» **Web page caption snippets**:

⁂

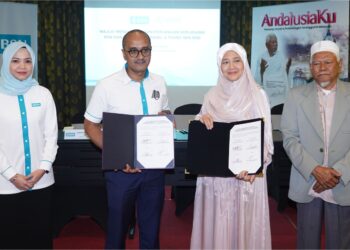 Mujibburrahman Abd. Rashid (dua kiri) bertukar dokumen perjanjian dengan Ida Riswana Idris (dua kanan) pada majlis menandatangani perjanjian kerjasama BSN dan Andalusia Travel & Tours di Kuala Lumpur, semalam. Turut serta Ketua Jabatan Perbankan Runcit BSN, Norainah Mohmad Zakuan (kiri) dan Pengerusi Eksekutif Andalusia Travel & Tours, Datuk Md. Daud Che Ngah. – UTUSAN/FAUZI BAHARUDIN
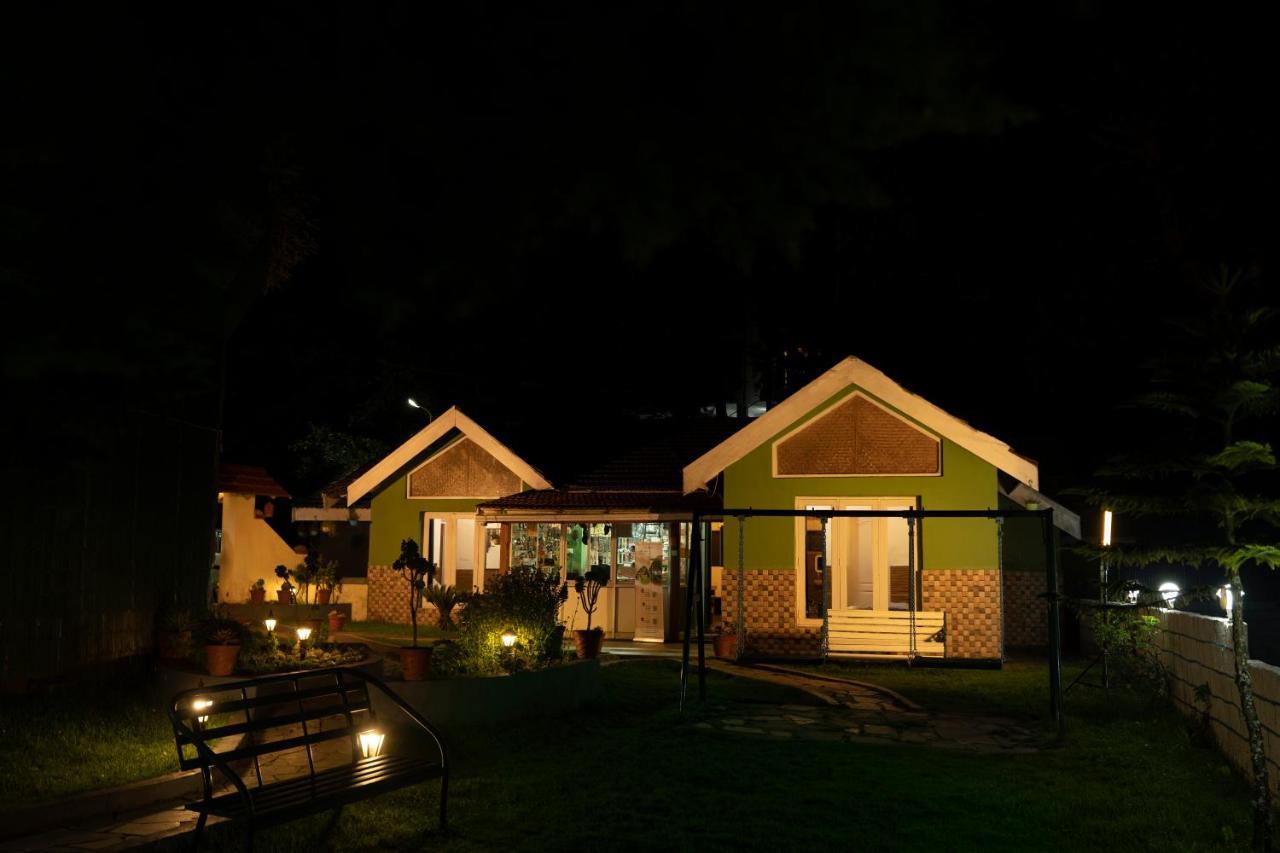 Resort Casa-families Only *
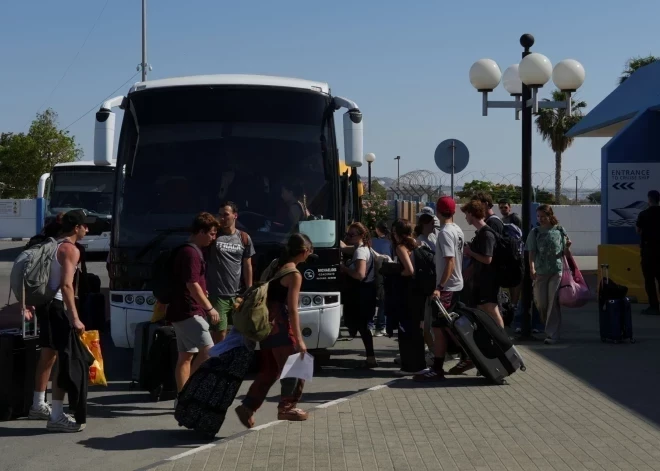 Из Ирана выехали три гражданина Латвии. Эвакуироваться из Израиля жители ЛР не хотят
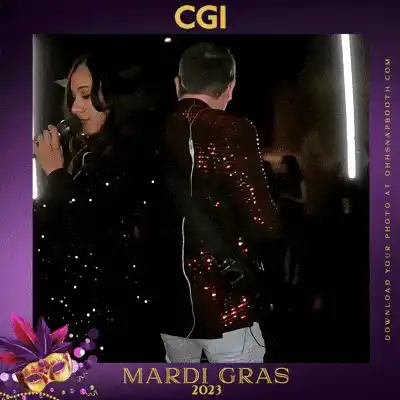 Portrait Mardi Gras Photo Booth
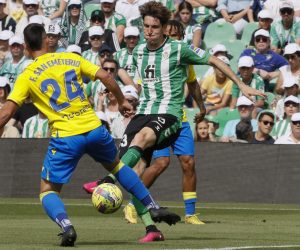 epa10566329 Real Betis' Juan Miranda (R) in action against Cadiz's San Emeterio (L) during a Spanish LaLiga soccer match between Real Betis and Cadiz CF at Benito Villamarin stadium in Sevilla, southern Spain, 09 April 2023.  EPA/Jose Manuel Vidal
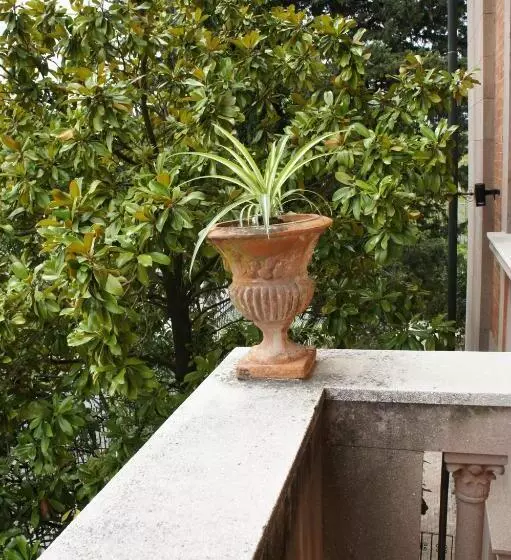 تختخواب و صبحانه Villa Magnolia Park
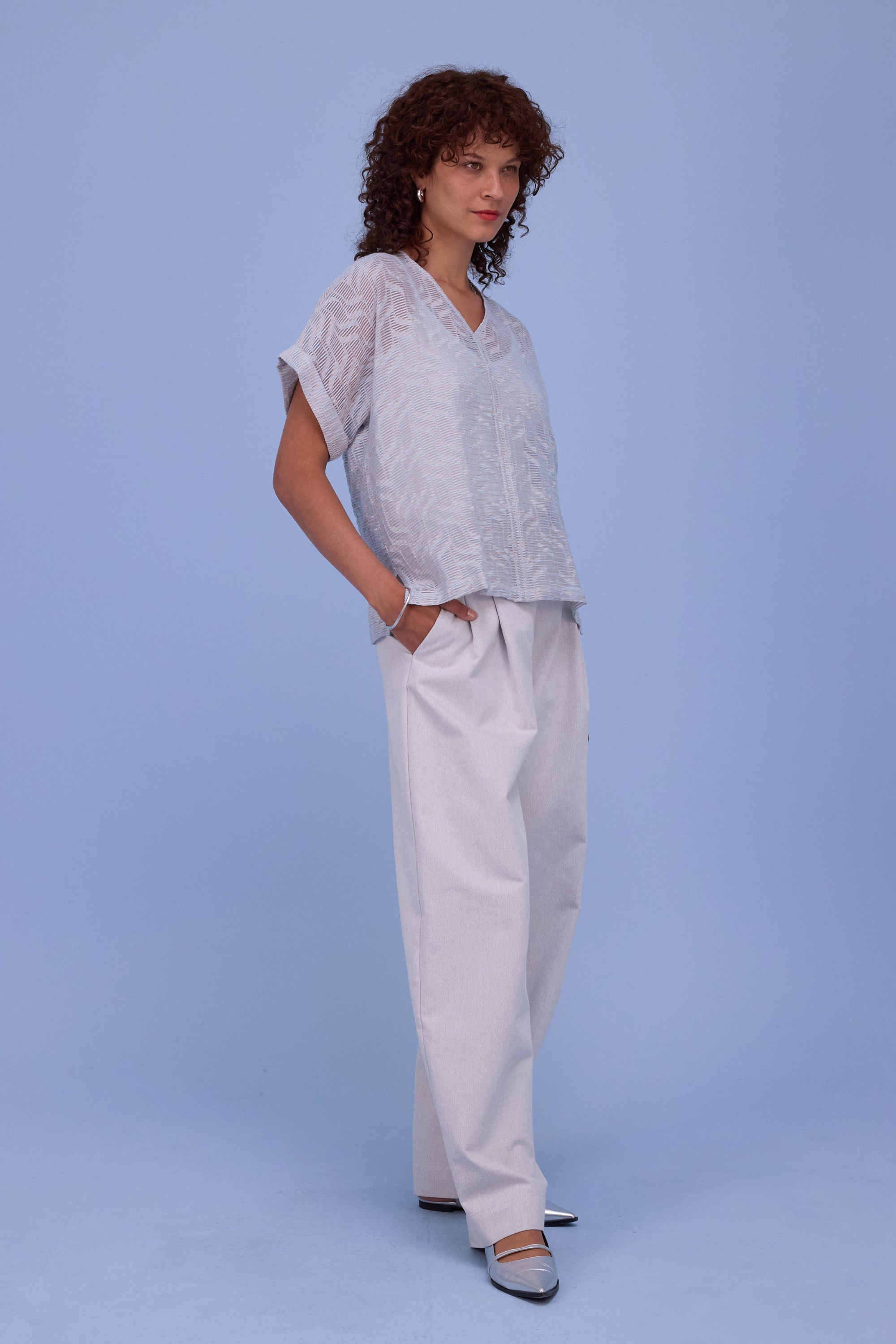 Faro blouse in transparent sky blue stripes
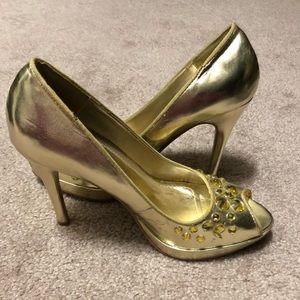 Gold peep toe platform heel with rhinestones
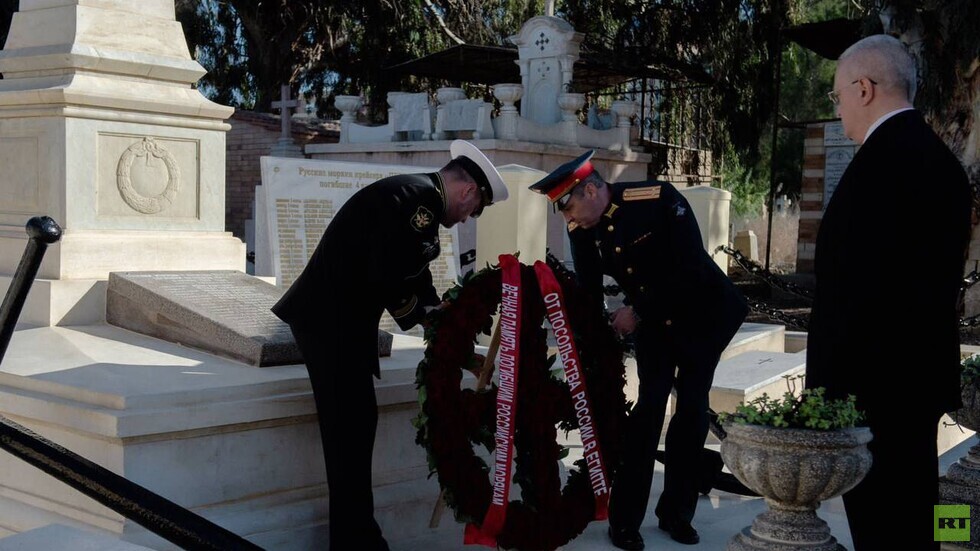 السفارة الروسية في مصر تحيي ذكرى البحارة الروس في بورسعيد (صور)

⁂

» **TASK GOAL**:
Your answer must be the lines from the one containing "تختخواب و صبحانه Villa Magnolia Park" through the last line of the records, copied exactly, with no pictures.

» **TASK ANSWER**:
 تختخواب و صبحانه Villa Magnolia Park
 Faro blouse in transparent sky blue stripes
 Gold peep toe platform heel with rhinestones
 السفارة الروسية في مصر تحيي ذكرى البحارة الروس في بورسعيد (صور)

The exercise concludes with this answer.